We sat at the dining-room table in his house in Creelman while his son, Josh, put graduation gift thank-you notes in blue envelopes.  They were like good-bye letters; Josh wasn't likely to live here again.  He was going to Saskatoon to study auto-body repair.

"There's not enough people here driving cars and having accidents," his father said, "to make an auto-body shop viable."

Josh can't come back to the farm either.  His parents are too young to give it up.

Bill Bell is succinct about it.  "With only income for one on the farm now," he says, "the others need to get gone."

At the Creelman crossing, Bell blows the whistle: Long, long, short, long.  There are no cars to warn.  We rumble slowly out of town.

The partnership between rail and farm is a conspiracy to attack distance.  To each community the prairie may be intimate, but its dominant characteristic is expanse.  From Winnipeg on the east to Calgary on the west is 839 rail miles; the whole Canadian prairie covers 275,000 square miles.  Distance itself is the enemy here; the train must conquer it to make the system work.

A few days after riding with Bill Bell, I catch CP Extra 5741 West at Moose Jaw, a big town with a railroad yard right through the middle of it, about 130 miles west of Heward, Creelman, and Fillmore.  Grain cars from places like the Tyvan Sub are gathered in the yard, assembled behind four or five engines, and sent west across the miles.

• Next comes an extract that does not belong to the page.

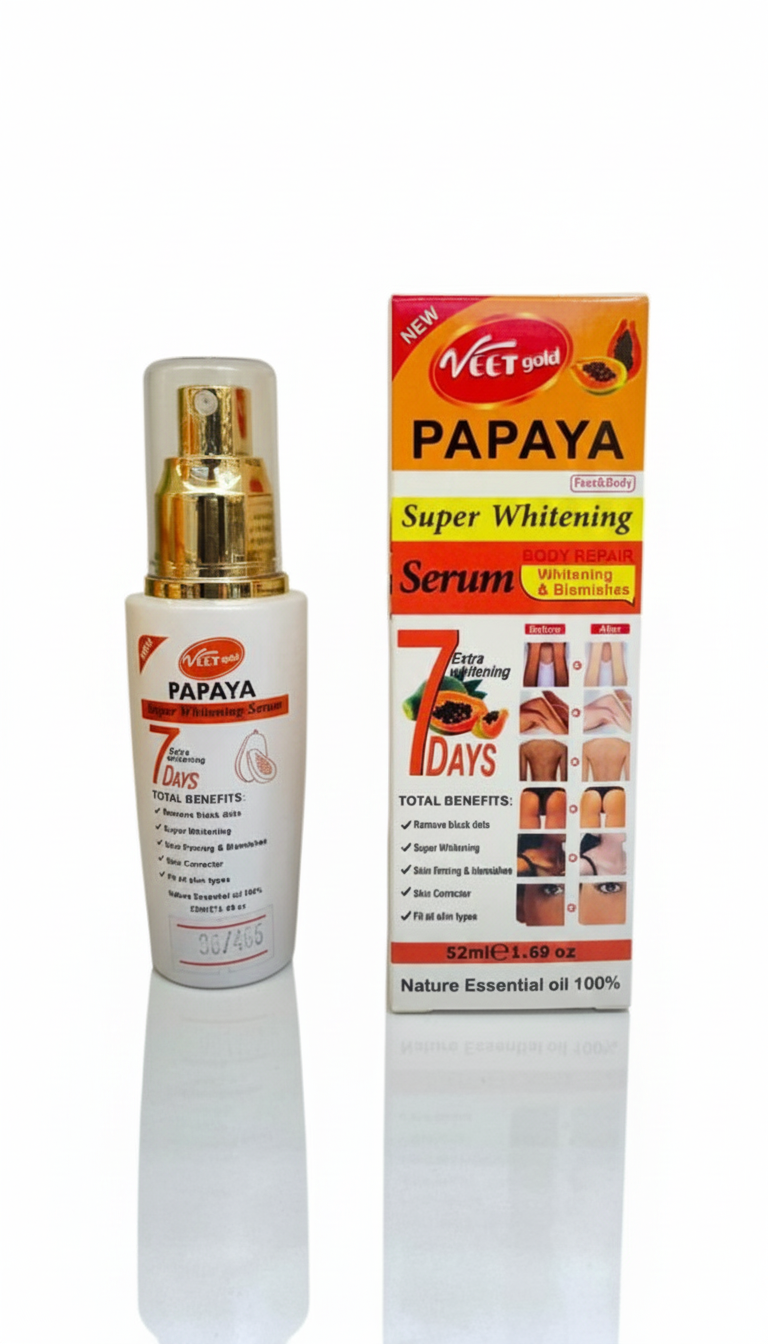 سرم روشن‌کننده پاپایا ویت گلد veet gold حجم ۵۲ میل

I stand waiting for a train on the edge of the yard.  The air is full of pressurized air, and the squeak of steel wheels on rail.  This yard is huge;  15 sets of rails, which all seem full of cars; but the size of the operation it represents is amazing: I imagine the grain like a river, threshed off the fields and flowing to the elevators, pouring in a golden cascade down dozens of branch lines to gather at other yards like this in Regina, Swift Current, Medicine Hat, Lethbridge, or Calgary.  There it becomes a Mississippi of grain, tolling down the long, thin pencil line to the coast.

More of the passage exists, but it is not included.